What Can Jets, Tim Tebow Learn from Colin Kaepernick & 49ers' Option Package?

Jesse Reed@@JesseReed78Correspondent ISeptember 30, 2012

EAST RUTHERFORD, NJ - SEPTEMBER 30:  Colin Kaepernick #7 celebrates a touchdown with Alex Boone #75 of the San Francisco 49ers during a game against the New York Jets at MetLife Stadium on September 30, 2012 in East Rutherford, New Jersey.  (Photo by Jeff Zelevansky/Getty Images)
Jeff Zelevansky/Getty Images

The San Francisco 49ers and Colin Kaepernick out-Tebowed Tim Tebow and the New York Jets in Week 4. 

The Niners were able to successfully utilize Kaepernick as an option quarterback against the Jets—something Tim Tebow hasn't been able to do thus far in 2012, to the consternation of Jets fans everywhere. 

Kaepernick ran the ball against the Jets five times for 50 yards and a touchdown, and if not for his classy decision to slide at the goal line at the end of the game, he'd have two touchdowns.

So, what can Rex Ryan, Tony Sparano and the Jets learn from the tape after watching the 49ers do to them what they wish they could do to other teams? It's really not complicated, but the answer to this question demands a complete shift in their offensive philosophy.

In order to make the quarterback option successful, teams need to establish the run, and to this point in the season, the Jets haven't committed to the run.

The only game thus far in the 2012 season that the Jets made a firm commitment to run the ball was their Week 3 win at Miami against the Dolphins, a contest that saw them run the ball 32 times. Even in that game, though, Mark Sanchez threw the ball 45 times. 

For the season, the Jets have passed the ball 129 times compared to just 107 rushing plays, a trend that doesn't bode well for Tebow, Sanchez or any quarterback they put behind center. If Tebow and the Wildcat offense Tony Sparano wants to run is going to be effective, these numbers need to be reversed. 

The 49ers ran the ball 37 times with their running backs and wide receivers. Mario Manningham and Ted Ginn were involved in stretching the defense horizontally, which worked in Kaepernick's favor in the option game.
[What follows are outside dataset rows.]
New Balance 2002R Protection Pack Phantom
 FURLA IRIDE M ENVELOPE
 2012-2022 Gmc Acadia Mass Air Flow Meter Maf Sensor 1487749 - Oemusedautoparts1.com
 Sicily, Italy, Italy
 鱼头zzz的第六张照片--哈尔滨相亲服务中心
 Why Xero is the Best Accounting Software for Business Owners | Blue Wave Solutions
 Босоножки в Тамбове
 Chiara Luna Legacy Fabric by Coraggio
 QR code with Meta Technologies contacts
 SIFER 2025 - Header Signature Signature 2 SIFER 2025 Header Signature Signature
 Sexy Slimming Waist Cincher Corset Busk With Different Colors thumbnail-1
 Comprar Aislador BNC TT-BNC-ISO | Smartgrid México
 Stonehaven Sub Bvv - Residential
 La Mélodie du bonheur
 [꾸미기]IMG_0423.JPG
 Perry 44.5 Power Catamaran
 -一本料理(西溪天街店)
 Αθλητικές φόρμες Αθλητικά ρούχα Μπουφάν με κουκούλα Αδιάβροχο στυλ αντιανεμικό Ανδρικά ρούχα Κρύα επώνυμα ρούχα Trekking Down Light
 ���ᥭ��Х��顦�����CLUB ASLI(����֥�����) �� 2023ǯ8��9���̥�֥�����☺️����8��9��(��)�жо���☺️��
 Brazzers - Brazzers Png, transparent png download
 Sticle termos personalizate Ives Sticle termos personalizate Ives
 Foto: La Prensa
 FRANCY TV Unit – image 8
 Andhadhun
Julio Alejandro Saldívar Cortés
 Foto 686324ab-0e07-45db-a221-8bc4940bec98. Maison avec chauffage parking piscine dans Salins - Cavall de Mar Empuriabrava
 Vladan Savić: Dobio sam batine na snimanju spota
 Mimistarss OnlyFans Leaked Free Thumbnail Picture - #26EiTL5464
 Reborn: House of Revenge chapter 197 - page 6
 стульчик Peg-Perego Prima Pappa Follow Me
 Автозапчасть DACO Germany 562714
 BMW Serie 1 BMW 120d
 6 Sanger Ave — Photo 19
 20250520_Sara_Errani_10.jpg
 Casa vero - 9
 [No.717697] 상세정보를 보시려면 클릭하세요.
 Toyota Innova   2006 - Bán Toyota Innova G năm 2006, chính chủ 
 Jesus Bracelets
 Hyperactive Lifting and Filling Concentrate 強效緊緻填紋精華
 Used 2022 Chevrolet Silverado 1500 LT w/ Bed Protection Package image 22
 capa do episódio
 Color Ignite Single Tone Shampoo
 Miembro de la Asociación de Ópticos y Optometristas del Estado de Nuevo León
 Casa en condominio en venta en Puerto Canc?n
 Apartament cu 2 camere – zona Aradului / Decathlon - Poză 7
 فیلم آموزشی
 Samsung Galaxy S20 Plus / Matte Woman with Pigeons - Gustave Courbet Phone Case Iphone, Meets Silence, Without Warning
Kaepernick and Alex Smith pitched in for seven more attempts, for a total of 44 runs in the game, totaling 245 yards and three touchdowns. 

Alex Smith and Kaepernick attempted just 22 passes in this game, too, meaning the 49ers doubled down on the running game.

If the Jets are to imitate what Kaepernick did in the running game—piling up 50 yards and a touchdown—they must start making the running game the first priority of the offense. Sanchez seems to get worse the more they throw the ball these days, anyways, so this strategy isn't exactly going to hurt the team.

Furthermore, if Tebow is to become a successful option quarterback, the Jets must establish him more as a legitimate passer. Too often when he's behind center, teams are able to send the house to stop him from gaining yards on the ground, knowing he isn't going to pass. 

Although Kaepernick only threw the ball one time in the game, his sole attempt proved that the 49ers weren't afraid to let him take a shot deep, a crucial aspect of running an option offense that works. If there's no option to throw, then Tebow is just another runner.

The Jets are in a heap of trouble. Tebow isn't your typical pocket quarterback that can pick defenses apart, but used properly, he can be a dangerous weapon for his team—much like Kaepernick was for the 49ers.

The Jets must learn how to use him. If not, they should abandon the project altogether and move on.